Un film de mecs en uniformes, de travestis en robes, de soldat de Vilnius
déguisé en Turc. Un film à la partition wagnérienne, essentielle. Un film
souvent sublime, sinon bouleversant, en mineur et majeur. Un film impossible à
confondre avec une russerie, une reconstitution de studio, de poussière, de
décorateur. Un film qui vibre, qui souffre, qui envoûte.
Un film presque franco-polonais,
politique et eschatologique. Un film où Pierre Blanchar androgyne annonce la
libertine Mylène Farmer. Un film dont les robots placides et impitoyables
présagent les squelettes mythologiques de Ray Harryhausen. Un film délicat,
ciselé, hanté. Un film gentiment méta avec danse de salon et bal costumé au
temps du carnaval. Un film aristocratique sur des têtes impériales. Un film
d’une durée de cent trente-cinq minutes sans une seule seconde d’ennui, de
redite, de sommeil. Un film en huis clos jamais théâtral. Un film sur le cri
d’une femme en train de se faire violer entendu seulement par le protagoniste
vertueux allant la défendre à l’épée.

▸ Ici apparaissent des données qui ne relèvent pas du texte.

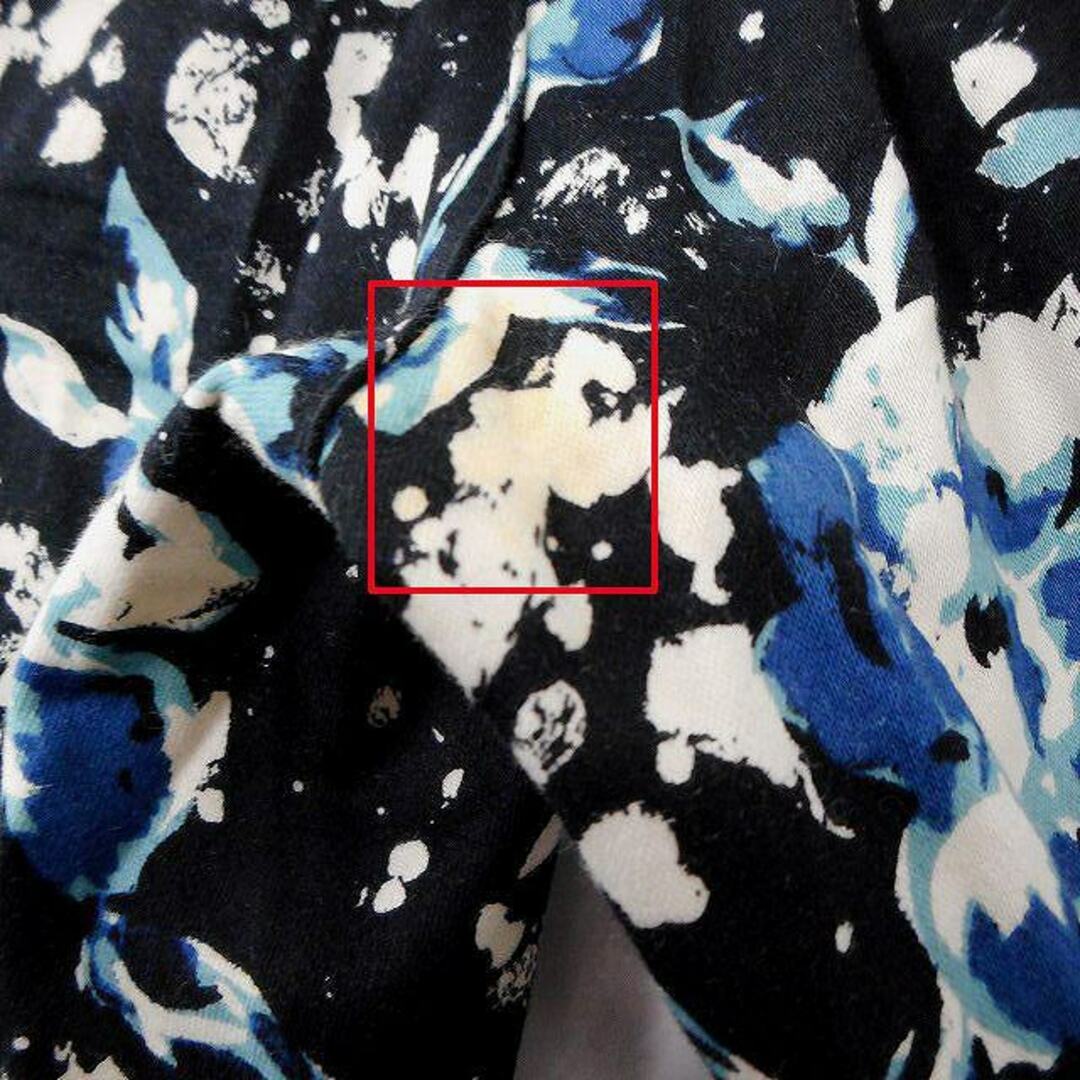 JEANASIS(ジーナシス)のジーナシス JEANASIS フラワープリント スリム テーパード パンツ 黒 レディースのパンツ(その他)の商品写真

Un film sur les échecs, ceux du plateau
et ceux de l’existence, ceux de la géopolitique et ceux de la romance. Un film
sur les origines cachées, mystifiées, sur les mères mortes et les fils
putatifs. Un film sur un vieil ingénieur à la Gepetto dans son labo cubiste. Un
film réaliste et onirique, une page d’histoire audiovisuelle et une
déambulation dans les rêves romanesques, ces derniers soufflés en baume par
Sophie à son chéri à la fin. Un film de cinéaste, de regard, de rythme, de
caractères et d’atmosphères. Un film d’exil inutile et d’évidente maestria. Un
film avec un feu d’artifice mélancolique à la De Palma, avec une horloge
mentale, quasiment subliminale, à la Baudelaire. Un film qui pouvait plaire à
Mario Bava, maître transalpin des marionnettes et auteur qui se prit toujours,
modestement, pour un artisan, tel notre réalisateur hexagonal. Un film
désenchanté qui ne cesse d’enchanter bientôt quatre-vingts dix ans après son
surgissement. Un film comme on n’en fait plus, comme on en refera, pourquoi
pas. Un film bleu et rose, honnête et teinté, exhumé dans l’éclat de ses
couleurs d’ailleurs, d’entre les mortes.
Un film d’exécution de couple humain
et de créature anthropomorphe. Un film aussi mortifère que le court roman de
Stefan Zweig. Un film avec Catherine de Russie sans Marlene Dietrich. Un film
où Dullin se dédouble. Un film où le visage d’Édith Jehanne possède une
intensité à la Renée Falconetti. Un film de cloches et de glas, d’hymnes et de
larmes, de guitare et de tzigane, de bannière amère traînée dans la boue du
joug. Un film d’anniversaire, aussi, seize ans fêtés à la bougie, un érotique
collier autour du cou. Un film au triangle sentimental et aux diagonales
fatales. Un film d’une sincérité absolue car rempli de mille artifices. Un film
tragique avec une folle ludique. Un film de ruses, de subterfuges, de
postiches, de surimpressions. Un film musical porté par une musicienne puis
achevé par un ironique simulacre de musicien. Un film dont on trouve en ligne
de piètres images. Un film inoubliable en lecture numérique. Un film hélas
oublié, à l’instar d’une inégale, allez, filmographie. Un film de
cinémathèques, de musées, de cimetières. Un film à aimer au présent, bien
vivant. Un film sur lequel écrire vite avec un clavier rapide, l’œil, l’oreille
et le cœur bien ouverts. Un film magique, hypnotique, diabolique. Un film de
candeur et de malheur. Un film sans sexe ni prétexte culturel. Un film de
morts-vivants, de cadavres en bois saisissant le vif ensanglanté, balafré. Un
film de fantômes et de filles nubiles. Un film à découvrir, à chérir, à
célébrer, à partager. Un film de cinéphiles, de romantiques,
d’existentialistes. Un film qui réinvente le réel et dévoile la mort partout. Un
film-poème et non plus une épopée, à propos duquel une prose analytique
s’avérerait un peu vaine. Un film, par conséquent, de Raymond Bernard, joueur
d’échecs pour la promotion et maître d’outre-tombe de nos modernes
émotions.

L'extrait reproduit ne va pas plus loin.